◆ **What is required**
Beginning at the line that contains "Opel Astra J", reproduce the entries below exactly, ending with the line that contains "Gitarist Marcin Dylla, Çeşme". Omit each picture.

◆ **Provided data**

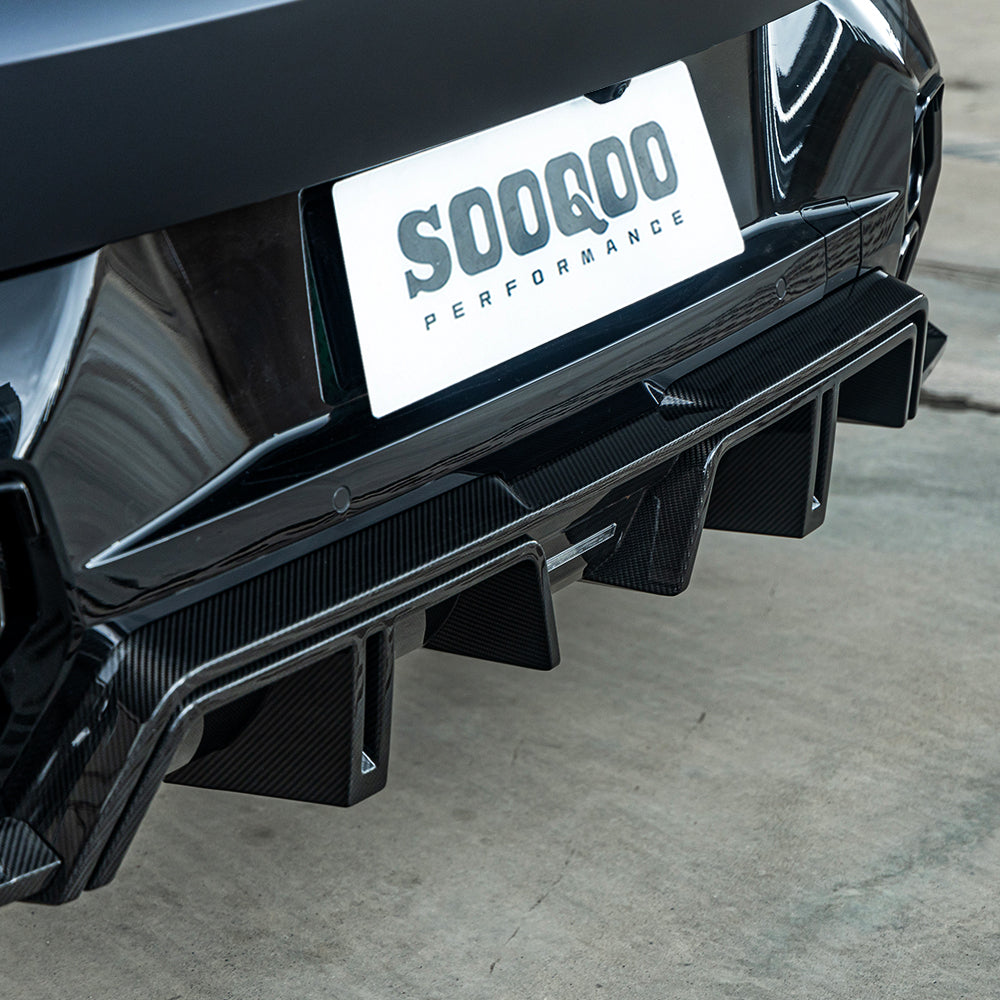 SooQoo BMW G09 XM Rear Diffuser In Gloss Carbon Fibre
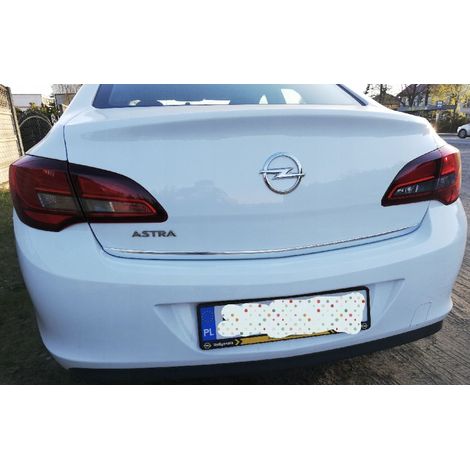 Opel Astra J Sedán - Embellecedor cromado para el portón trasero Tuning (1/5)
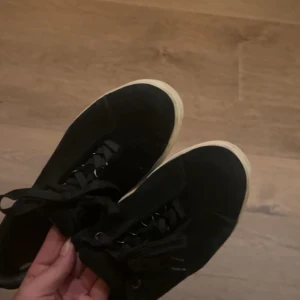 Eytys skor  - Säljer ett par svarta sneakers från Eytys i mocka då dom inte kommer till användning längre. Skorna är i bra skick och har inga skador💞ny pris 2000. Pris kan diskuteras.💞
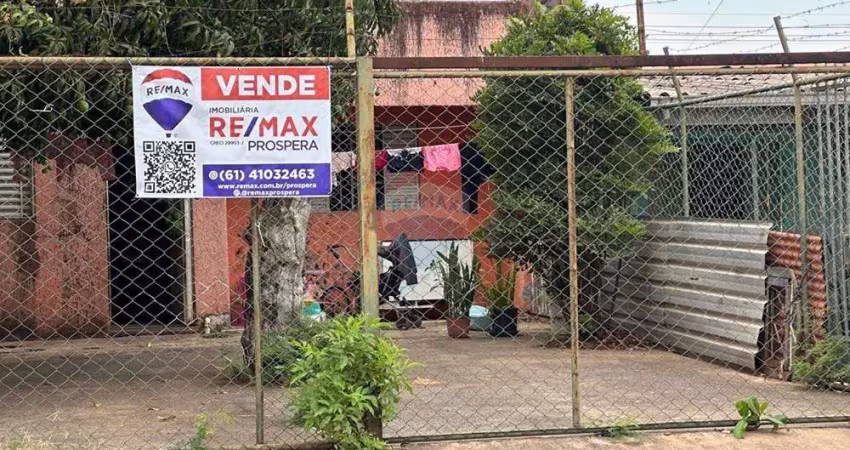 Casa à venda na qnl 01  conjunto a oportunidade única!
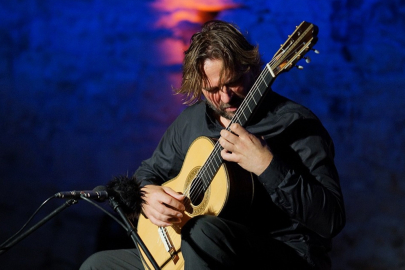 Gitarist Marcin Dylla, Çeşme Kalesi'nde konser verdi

...

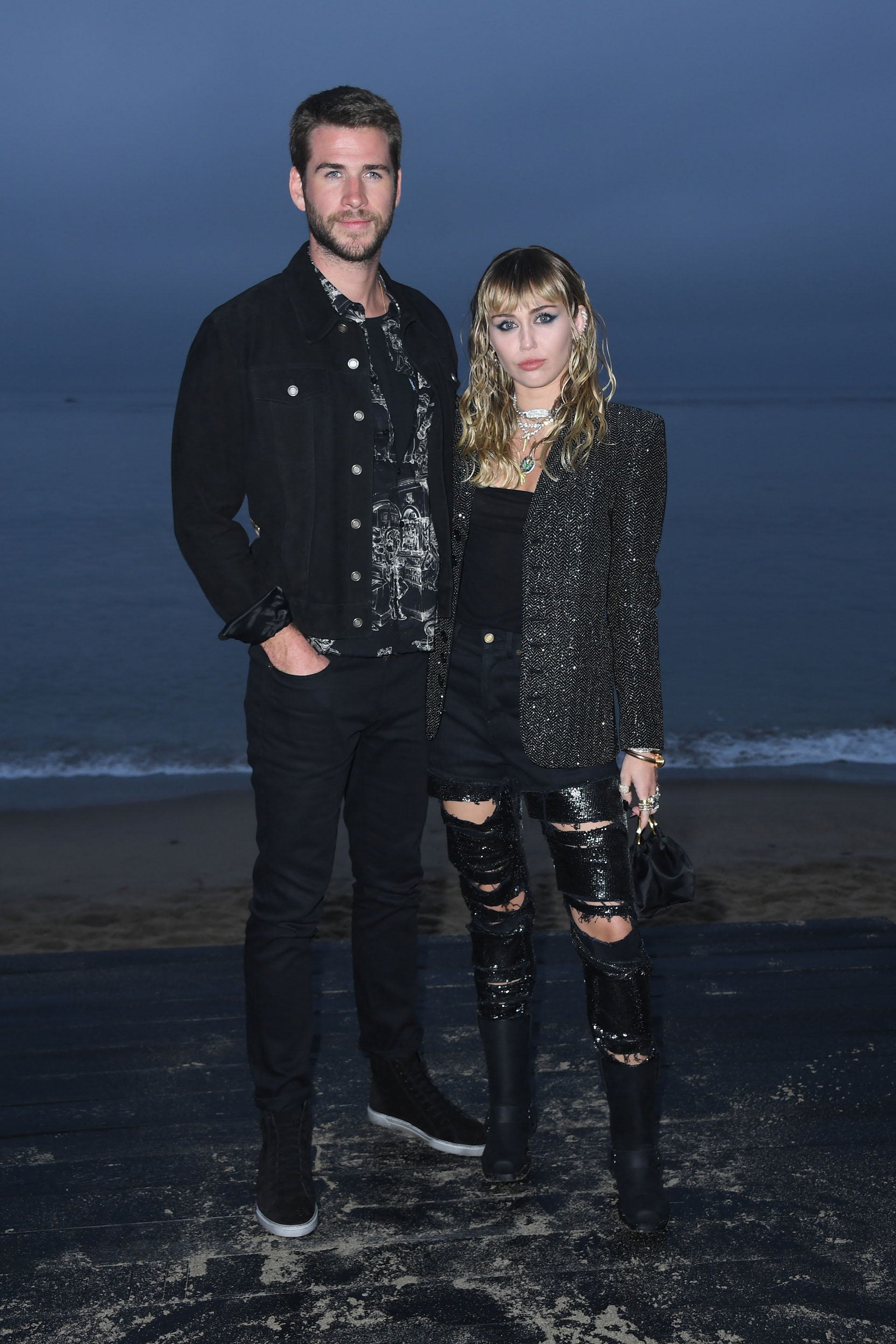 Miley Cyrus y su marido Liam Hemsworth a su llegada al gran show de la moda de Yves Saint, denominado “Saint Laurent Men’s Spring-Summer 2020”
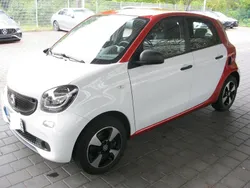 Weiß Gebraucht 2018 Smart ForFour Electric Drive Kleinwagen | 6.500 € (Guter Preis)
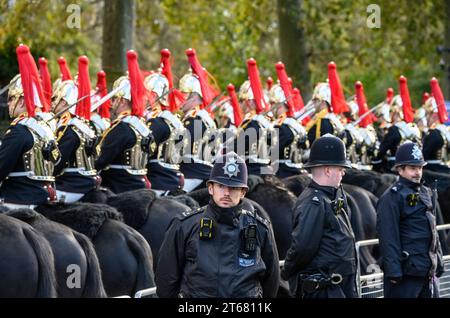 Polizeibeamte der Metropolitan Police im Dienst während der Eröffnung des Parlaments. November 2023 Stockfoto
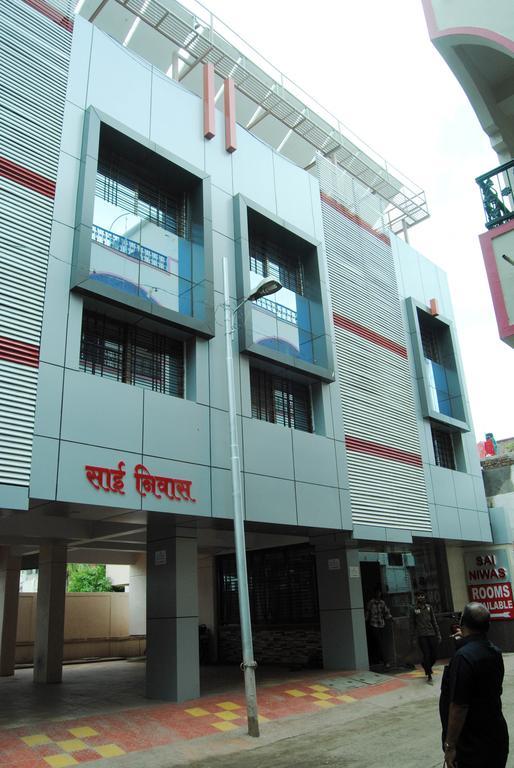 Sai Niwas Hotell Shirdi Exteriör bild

---

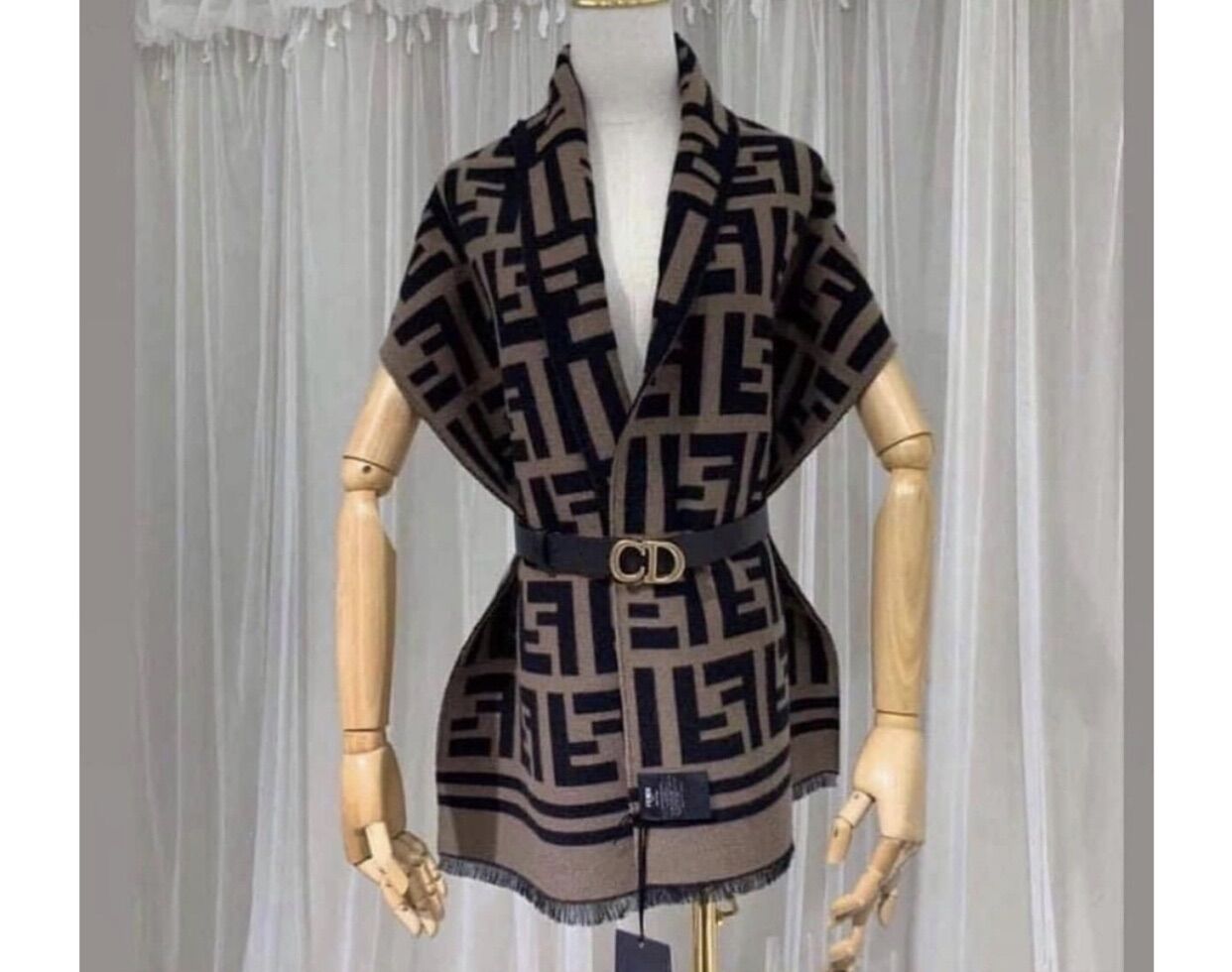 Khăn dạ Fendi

◆ **Task response**
 Opel Astra J Sedán - Embellecedor cromado para el portón trasero Tuning (1/5)
 Eytys skor  - Säljer ett par svarta sneakers från Eytys i mocka då dom inte kommer till användning längre. Skorna är i bra skick och har inga skador💞ny pris 2000. Pris kan diskuteras.💞
 Casa à venda na qnl 01  conjunto a oportunidade única!
 Gitarist Marcin Dylla, Çeşme Kalesi'nde konser verdi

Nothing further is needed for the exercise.